Cohen Media Group releases Girls of the Sun at Quad Cinema, French Institute Alliance Française (FIAF) and The Landmark at 57 West on April 12th, 2019.


NYC MOVIE GURU: When it comes to entertaining the audience and provoking them emotionally, which of the two elements was most challenging to tweak in the editing room?

Eva Husson: I don't think like that. I go by my instinct---what feels right. The one thing that was tough was the music just because it was a rough time for me at the time. My mom was sick, my dad was sick. My dad fell into a coma at the last day of shooting and was in a coma during most of the edit. He died 3 days before the competition in Cannes. So, that made my emotional level really high which is a bitch in the editing room because then you tend to vibrate much more. I had to bring that down as much as I could. The bottom line is that if I were to make the movie right now, I'd make a different movie. It's always like that and you just have to be okay with it and write the way that you're being given.

NYC MOVIE GURU: Francois Truffaut once observed that a truly great film has a perfect blend of Truth and Spectacle. I believe that there can also be plenty of Spectacle within Truth. What do you think?

EH: I see what you mean because I definitely think that it's my filmmaking, and I think it's sort of an homage to American cinema. I studied in the US and have an American accent when I speak English. I guess part of me believes that it's more interesting to reach a wider range of people because you sweep them with emotion and the scope of filmmaking. I believe in films in cinemas. I believe in spectacle. That's the right word. You have to be okay with it. I never quite understand that section of filmming where you have to be very protestant about it---the light has to look like shit and the sound has to look like shit, and that's the mark of a good movie. That's bullshit! You know what? From the second that you make a decision about lighting, you make an aesthetic decision. So if your light is shit, it's because you wanted it to be shit. It's not because light is shit in general. If you look at the light in life, most of the time it's very interesting and beautiful. I try to own that side of filmmaking where we're doing fiction, so let's go for it. Let's embrace it. Let's make the most out of it with the tools that we have because it's interesting to take people on this journey. Cinema, for me, is the only medium where you can slip into somebody else's vision of the world and become somebody else for a couple of hours. It's the least dangerous way of doing it. You don't have to take drugs or to get lost in a virtual world where it's endless. Because it's not your own decision, it's a journey that you're making through somebody else's eyes, and that's my proposition. So, it's very subjective. I want that. I like filmmakers who are subjective. I don't believe in objectivity in filmmaking. I think that it's bullshit.

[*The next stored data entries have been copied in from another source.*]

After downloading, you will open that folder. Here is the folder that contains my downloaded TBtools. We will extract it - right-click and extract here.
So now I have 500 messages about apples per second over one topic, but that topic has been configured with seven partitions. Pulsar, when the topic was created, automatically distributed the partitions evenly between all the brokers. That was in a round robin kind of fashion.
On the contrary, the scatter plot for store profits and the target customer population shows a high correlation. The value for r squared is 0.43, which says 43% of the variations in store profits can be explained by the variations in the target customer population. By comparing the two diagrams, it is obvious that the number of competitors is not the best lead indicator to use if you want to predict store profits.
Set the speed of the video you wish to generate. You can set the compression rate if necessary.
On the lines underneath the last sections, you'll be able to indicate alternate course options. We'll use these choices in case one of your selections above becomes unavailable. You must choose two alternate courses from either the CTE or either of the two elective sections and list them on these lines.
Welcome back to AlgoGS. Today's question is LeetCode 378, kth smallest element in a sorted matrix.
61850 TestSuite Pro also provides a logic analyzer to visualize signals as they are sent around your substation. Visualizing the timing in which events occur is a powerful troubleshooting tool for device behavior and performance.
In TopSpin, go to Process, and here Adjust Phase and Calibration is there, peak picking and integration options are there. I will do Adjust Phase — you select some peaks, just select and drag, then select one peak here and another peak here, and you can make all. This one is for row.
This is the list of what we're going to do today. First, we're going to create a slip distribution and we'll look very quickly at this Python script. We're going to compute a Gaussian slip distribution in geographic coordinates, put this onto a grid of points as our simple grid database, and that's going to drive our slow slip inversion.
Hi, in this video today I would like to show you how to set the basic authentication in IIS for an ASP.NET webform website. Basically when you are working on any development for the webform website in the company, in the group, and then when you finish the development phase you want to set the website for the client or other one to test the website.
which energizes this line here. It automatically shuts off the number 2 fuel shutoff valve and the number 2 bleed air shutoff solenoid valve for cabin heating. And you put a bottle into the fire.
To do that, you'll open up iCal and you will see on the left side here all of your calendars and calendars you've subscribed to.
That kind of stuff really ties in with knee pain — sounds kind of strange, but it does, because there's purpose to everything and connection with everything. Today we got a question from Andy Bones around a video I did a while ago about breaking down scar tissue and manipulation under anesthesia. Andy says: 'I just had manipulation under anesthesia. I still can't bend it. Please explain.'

NYC MOVIE GURU: Is there something unique about the friendship between two women that's different from the friendship between two men?

EH: The important thing to remember when you think about cinema representation on screen is that it's been seen through the prism of the male gaze for so long that it's a representation from the outside that's 80% tailored. Not all of it is tailored. You have amazing filmmakers who represent women marvelously---Almodovar, Bergman, Woody Allen and Cassavetes. They were real allies and were great, but I think that, as women, we don't represent that same things. We don't emphasize the same things. We are just at the beginning of a much wider and more diverse and richer representation. It doesn't mean that the other representation is wrong, it's just that if you just represent something from one point of view, it becomes sterile and self-reproducing. That's what I find interesting. I think it's going to take decades, but I think that people will find feminism as an alliance between two oppression. There's oppression against men as well, but it's not one that the masculanists promote. Both women and men are seen as pieces of meat by society---just not the same kind of meat. Women are seen as sexual gratification, objectification and subordination. Men are seen as a need for war. Men are groomed to be virile to promote honor as the supreme value and to promote self-sacrifice. But what for? It's so that it's easier for governments to say, "Sorry, you gotta get killed at 6pm. Can you move on?" and the men reply, "Yes! This is my duty and my value!" This can't be touch upon in the US because it's something that's very embedded in the defense of the land. But I do think that it's an oppression and that both men and women are oppressed together. Both oppressions feed each other because if men are given some "superiority" over women, then they're going to be more like to be okay to suffer their own oppression.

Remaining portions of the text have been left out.